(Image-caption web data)
==========

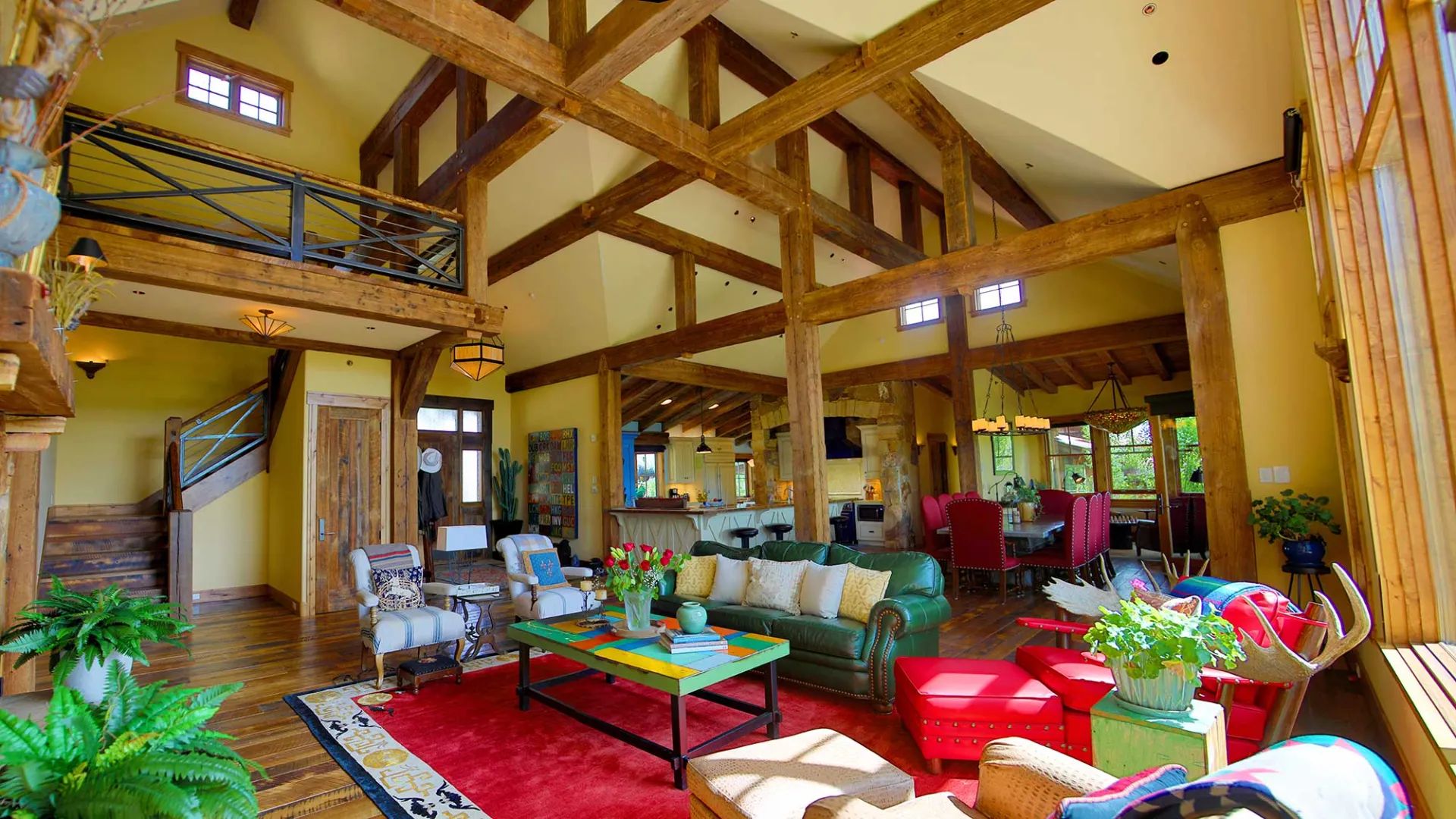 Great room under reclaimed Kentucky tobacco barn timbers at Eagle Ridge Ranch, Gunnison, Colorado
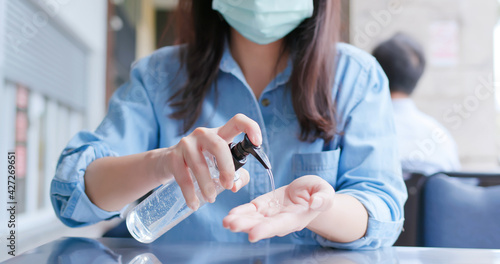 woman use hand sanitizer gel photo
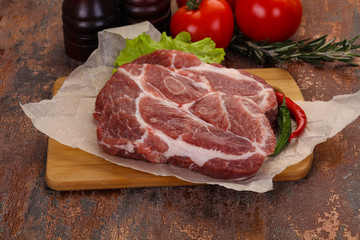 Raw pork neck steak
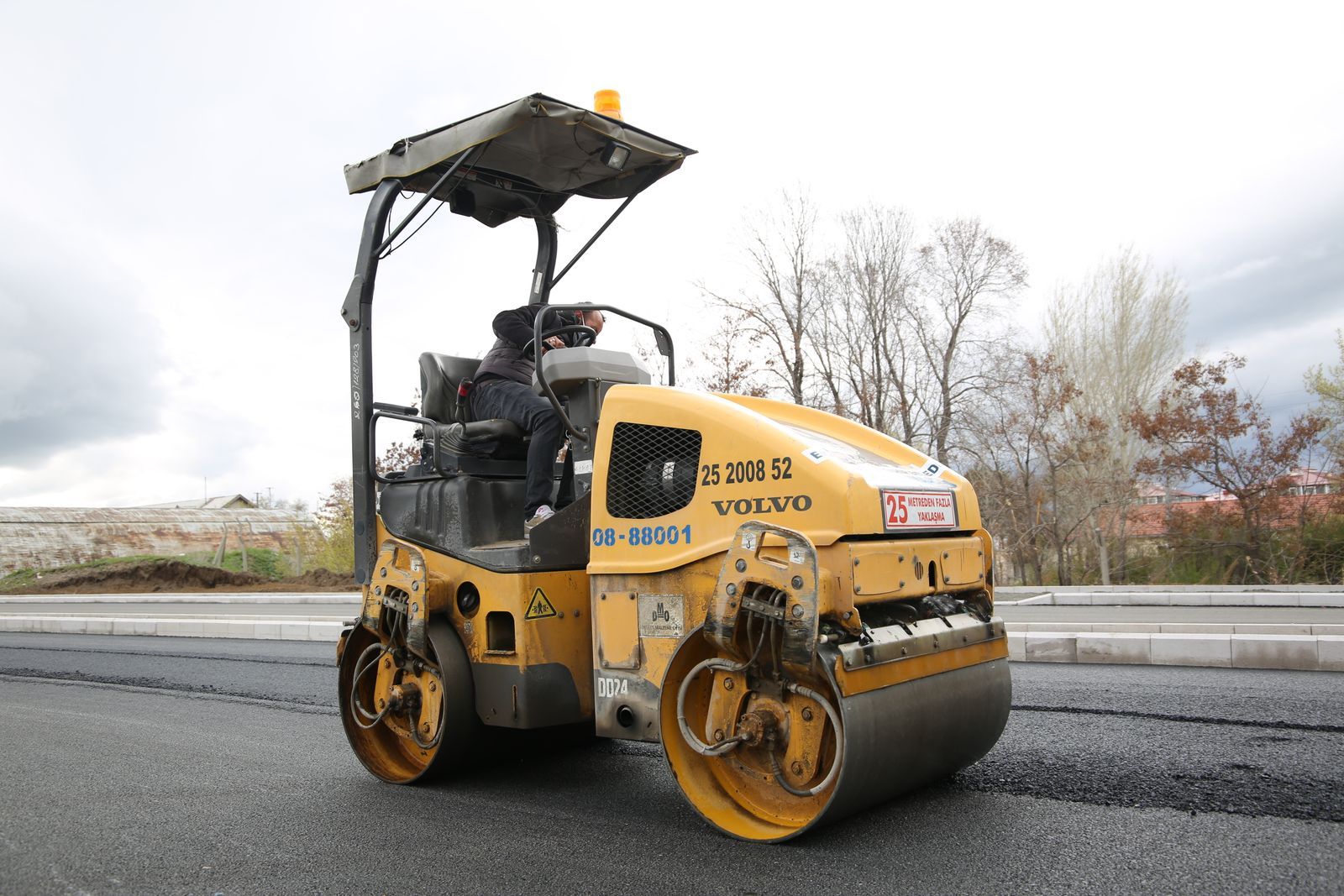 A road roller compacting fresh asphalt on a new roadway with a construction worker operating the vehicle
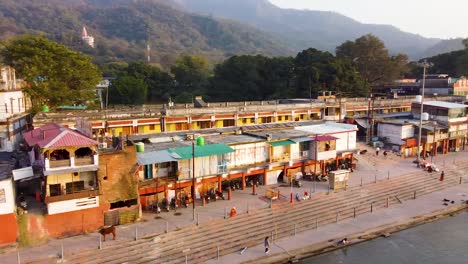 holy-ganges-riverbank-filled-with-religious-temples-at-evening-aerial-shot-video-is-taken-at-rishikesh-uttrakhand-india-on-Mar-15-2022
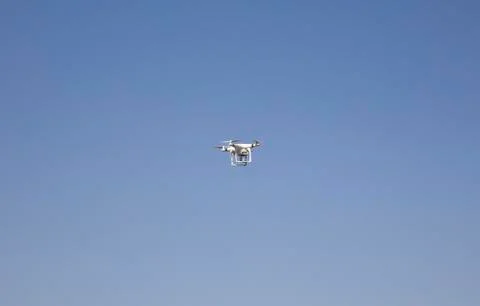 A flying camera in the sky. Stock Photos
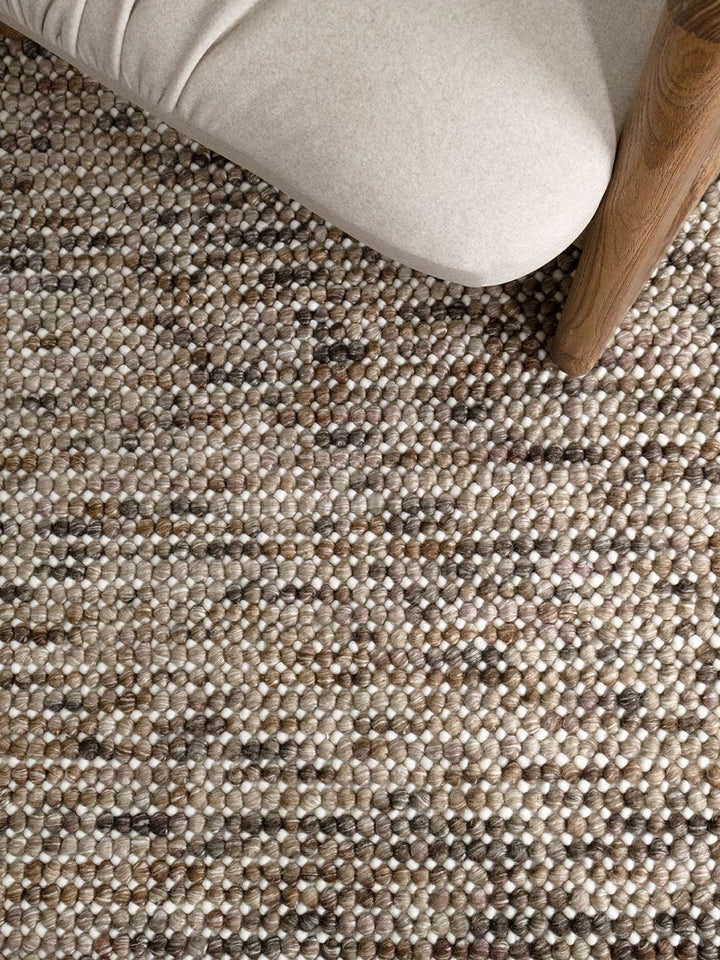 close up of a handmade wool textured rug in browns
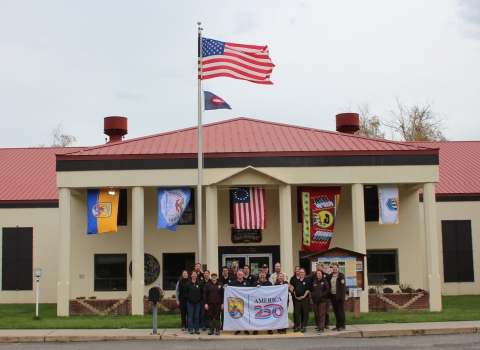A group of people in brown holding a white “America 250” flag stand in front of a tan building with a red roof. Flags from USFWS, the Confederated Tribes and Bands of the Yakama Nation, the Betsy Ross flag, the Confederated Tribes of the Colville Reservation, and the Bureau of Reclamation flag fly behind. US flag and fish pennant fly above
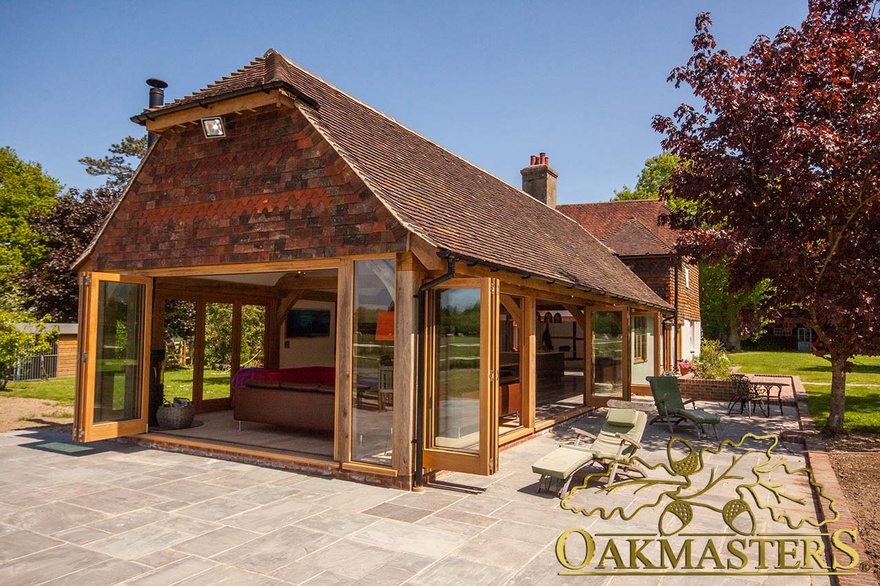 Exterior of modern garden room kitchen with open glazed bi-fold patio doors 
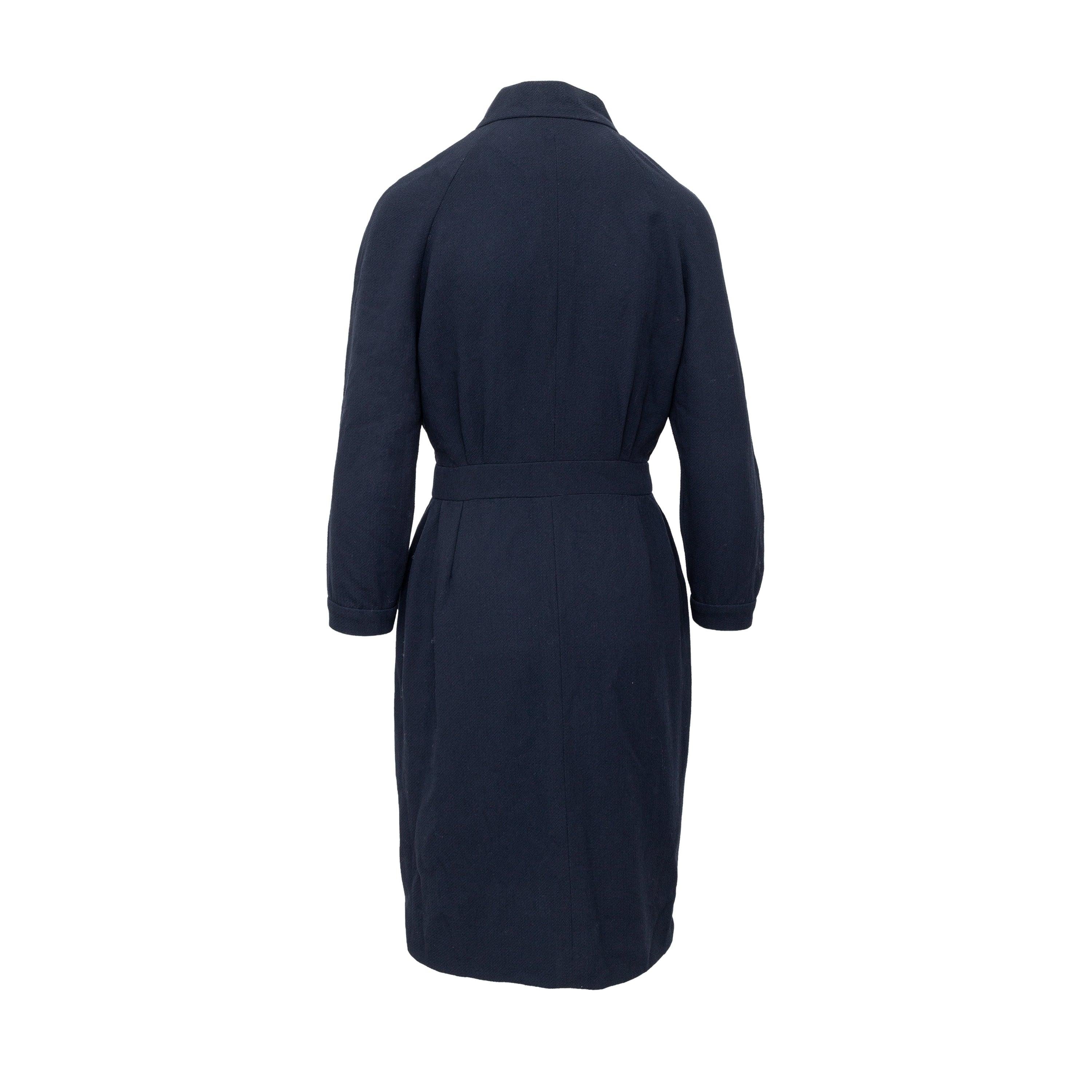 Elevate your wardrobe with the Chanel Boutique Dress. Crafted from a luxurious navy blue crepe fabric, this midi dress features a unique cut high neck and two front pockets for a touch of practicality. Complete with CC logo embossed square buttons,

==========

WHAT IS REQUIRED: An exact transcription of the data above is needed, without the pictures.

THE COMPLETED TASK:
 Great room under reclaimed Kentucky tobacco barn timbers at Eagle Ridge Ranch, Gunnison, Colorado
 woman use hand sanitizer gel photo
 Raw pork neck steak
 A road roller compacting fresh asphalt on a new roadway with a construction worker operating the vehicle
 holy-ganges-riverbank-filled-with-religious-temples-at-evening-aerial-shot-video-is-taken-at-rishikesh-uttrakhand-india-on-Mar-15-2022
 A flying camera in the sky. Stock Photos
 close up of a handmade wool textured rug in browns
A group of people in brown holding a white “America 250” flag stand in front of a tan building with a red roof. Flags from USFWS, the Confederated Tribes and Bands of the Yakama Nation, the Betsy Ross flag, the Confederated Tribes of the Colville Reservation, and the Bureau of Reclamation flag fly behind. US flag and fish pennant fly above
 Exterior of modern garden room kitchen with open glazed bi-fold patio doors 
 Elevate your wardrobe with the Chanel Boutique Dress. Crafted from a luxurious navy blue crepe fabric, this midi dress features a unique cut high neck and two front pockets for a touch of practicality. Complete with CC logo embossed square buttons,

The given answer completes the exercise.